Social Knowledge

Some fun puzzles to think about.

_The Restaurant_
A group of us is trying to get to the restaurant. I know how to get from here to the bar, and Andy knows the way from the bar to the restaurant. And we’re both helpful sorts when it comes to information about directions. Do we, i.e. the group including me and Andy and a few others, know the way to the restaurant?

What if either Andy’s belief or mine is Gettierised – i.e. justified and true but acquired in a wacky way? (‘Wacky’ there is a technical term.)

_The Bodies_
Andy knows where all the French bodies are buried, and I know where all the German bodies are buried. It turns out, but neither of us know this, that all the bodies are French or German. Do we know where all the bodies are buried?[*]

What if someone joins our group who does know that all the bodies are French or German, but doesn’t know where any of them are? Does the group then know where all the bodies are buried? It might be surprising that we come to know where all the bodies are buried by being joined by a person who doesn’t know where any of the bodies are buried, but that seems to be the case.

_The Ignorant_
Go back to the restaurant case, and assume we made it to the bar. The group now expands to include George. And George insists at great length that the restaurant is north of the bar, even though Andy is insistent that it is south of the bar. Some of the group believes Andy, though a few are made hesitant. Does the group know where the restaurant is?

_The Unhelpful_
Much as we’d like to go to the restaurant, where we really want to go is the money-tree – the place where they give you money for simply walking in the door. George knows where the money-tree is, but he won’t tell this to any of us? Does the group know where the money-tree is?

Back in the real world, Andy and I were thinking about such cases, because we thought about writing about what it takes for a group to know something. Of course we probably have the kind of intuitions you only get from only ever talking about knowledge late night at philosophy conferences, and we don’t know that much about the existing literature. (We each know the literature backwards, but since we won’t talk about any of it _we_ don’t know what it says. Well, not really, but we’re interested in whether that is possible.) But we plan to have fun making it all up as we go along.

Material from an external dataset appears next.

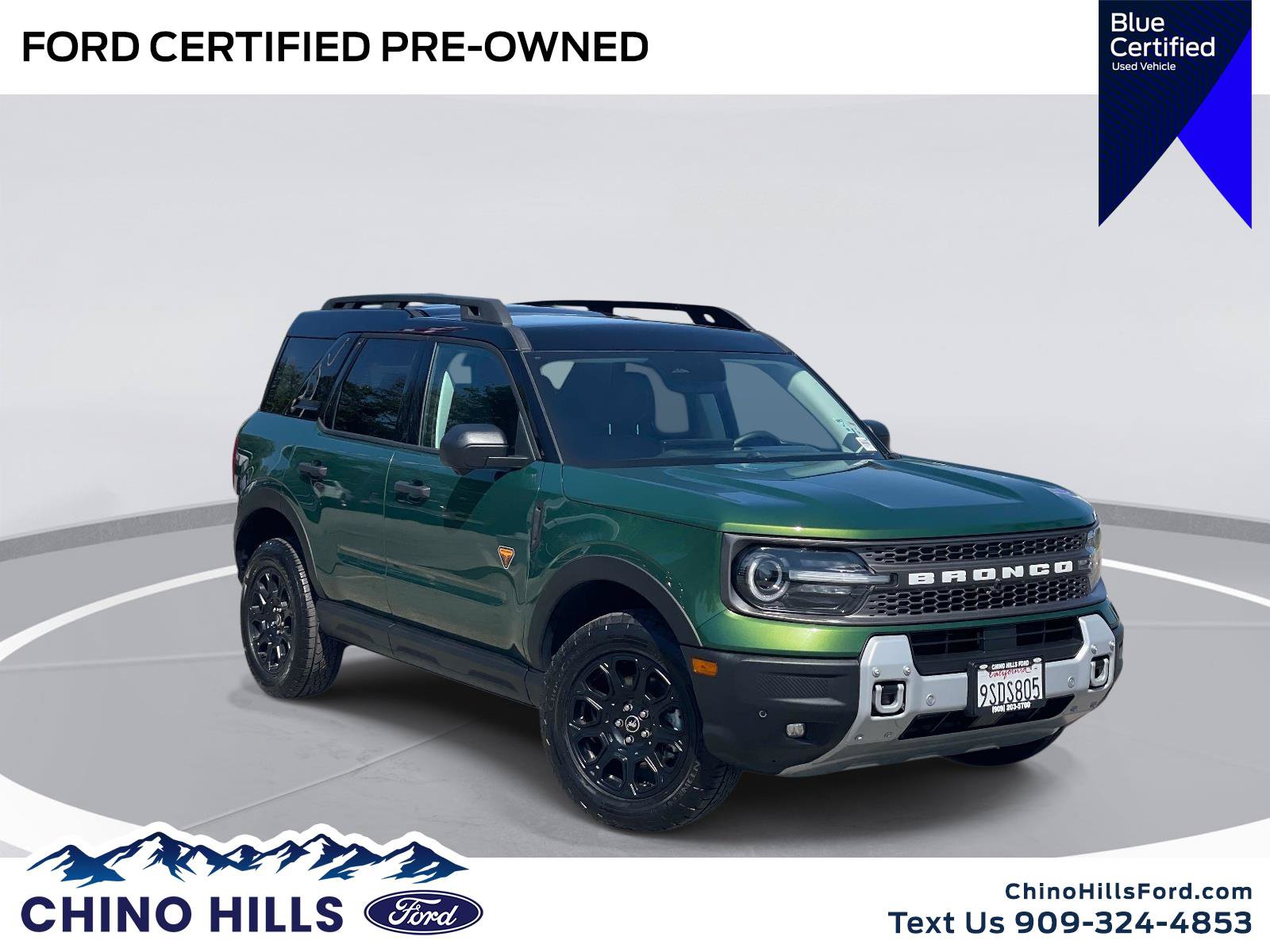 Certified 2025 Ford Bronco Sport Badlands w/ Badlands Tech Package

[*] There’s an ambiguity here that I should clear up. X knows where all the bodies are buried is ambiguous between the following two meanings.

1. For each body, X knows where it is buried.
2. X knows the universal proposition _All the bodies are buried here, here, … and here_.

I always mean 2 in what’s above. Here’s a useful heuristic for knowing that it’s 2 that’s being used. Say I’m worried about Andy finding the bodies. I’ve secured all the sites where I know bodies are buried. It turns out that’s all the sites, because I meet condition 1 here. But I’m still worried about Andy finding some buried bodies. Why? Because I don’t know where all the bodies are buried. I think that’s a good explanation, but it relies on the _second_ reading of _knows where all the bodies are buried_.